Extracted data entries
*** Block opens ***
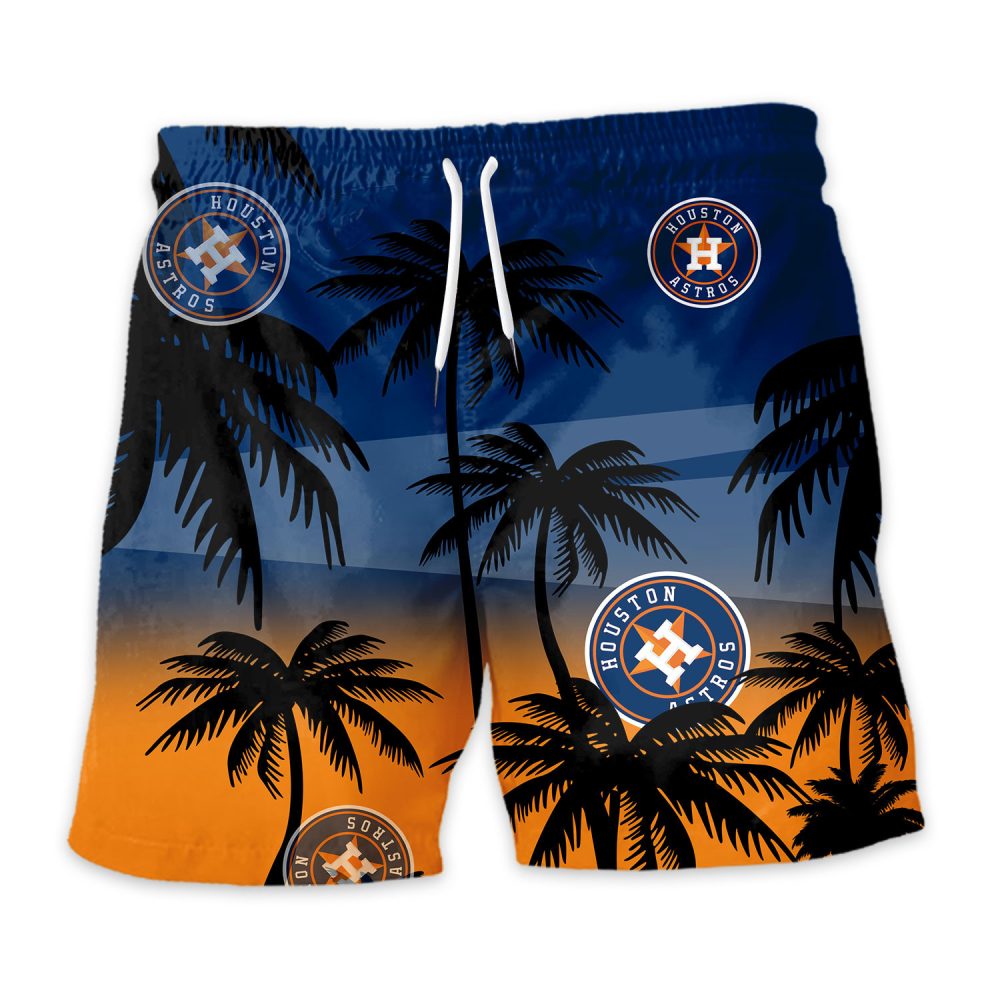 Houston Astros Hawaiian Shorts Coconut Tree - Image 3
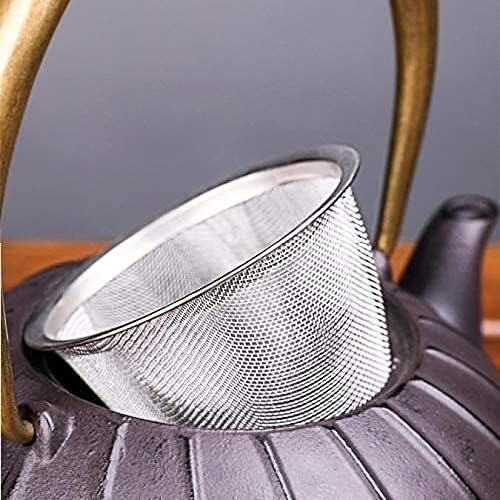 LJYT Teapot Teapots Cast Iron Handmade TeapotHome Kettle Uncoated Vintage Cast Iron Kettle Tea Pot with Infusers for Loose Tea (Color : Unicorn) - Image 6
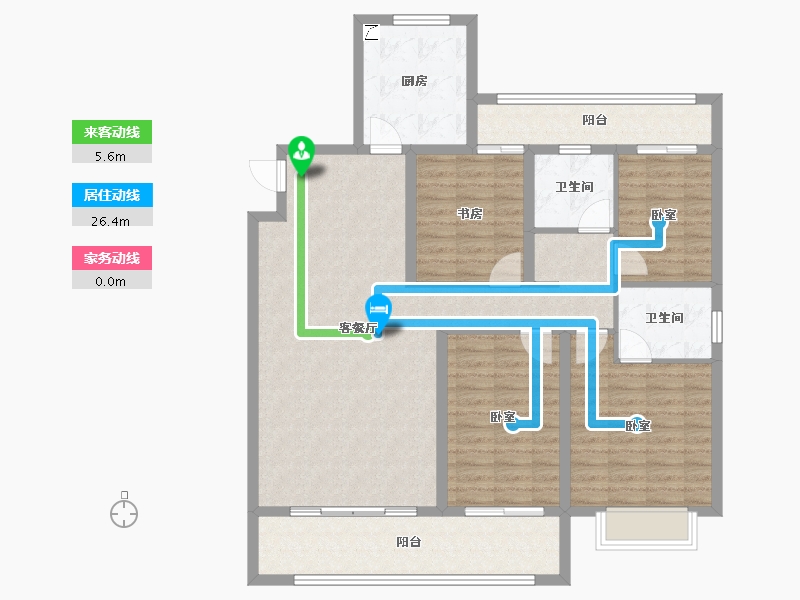 山东省-潍坊市-金帝惠贤府-120.81-户型库-动静线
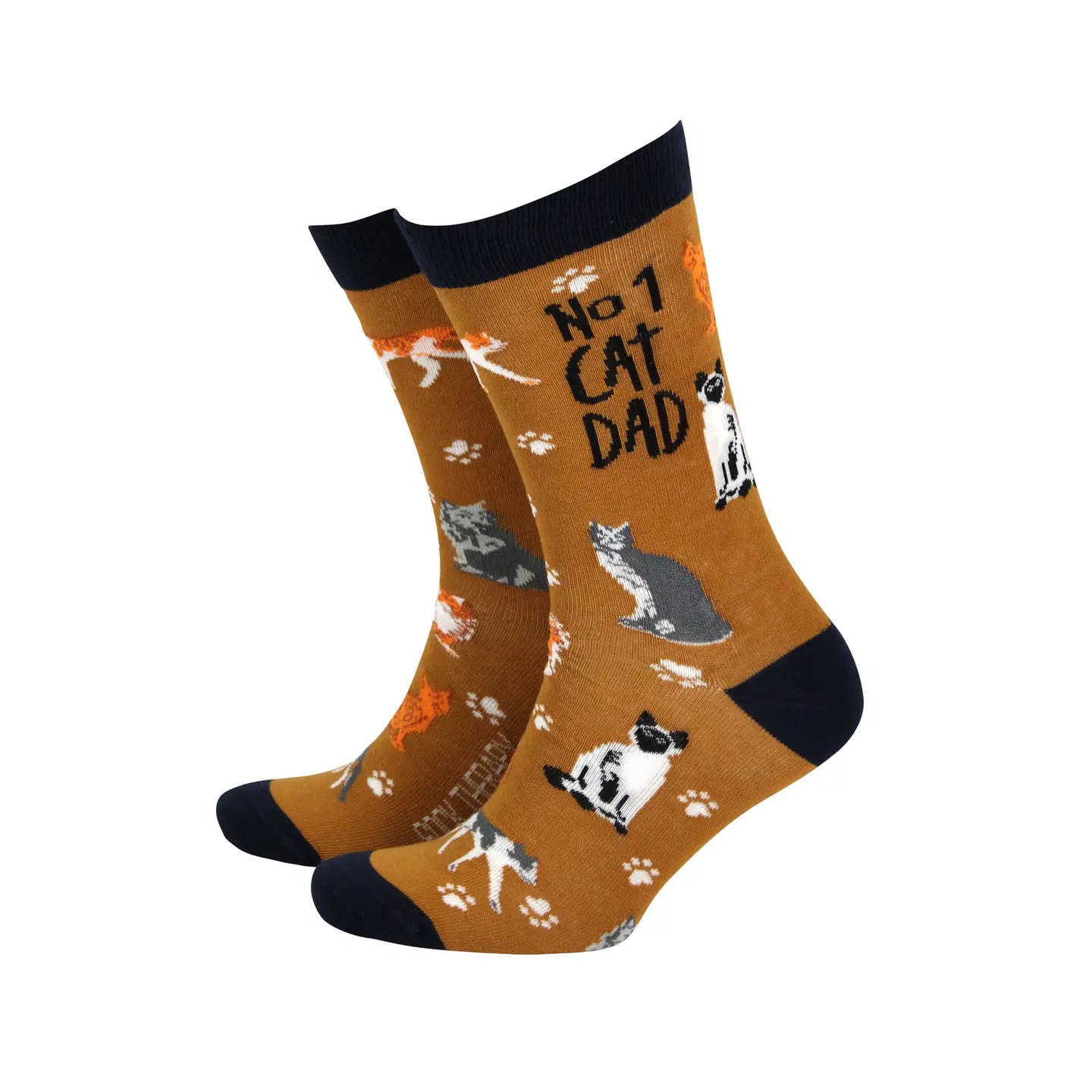 Cat Dad Socks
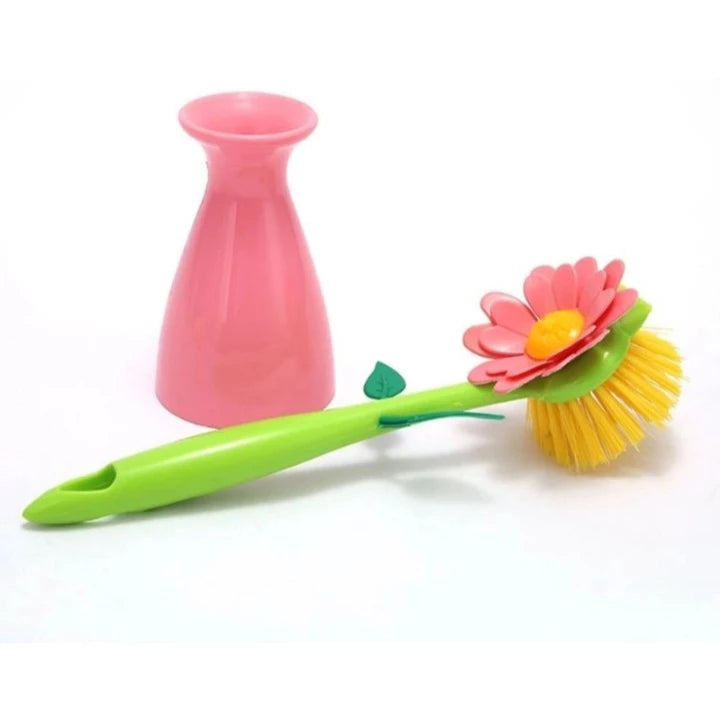Escova Plástica Suporte Margarida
*** Block closes ***
◆ Work to complete ◆
Give again, word for word, the line that contains "LJYT Teapot Teapots" and every line after it through the end of the entries; omit the pictures.

◆ Response to this task ◆
 LJYT Teapot Teapots Cast Iron Handmade TeapotHome Kettle Uncoated Vintage Cast Iron Kettle Tea Pot with Infusers for Loose Tea (Color : Unicorn) - Image 6
 山东省-潍坊市-金帝惠贤府-120.81-户型库-动静线
 Cat Dad Socks
Escova Plástica Suporte Margarida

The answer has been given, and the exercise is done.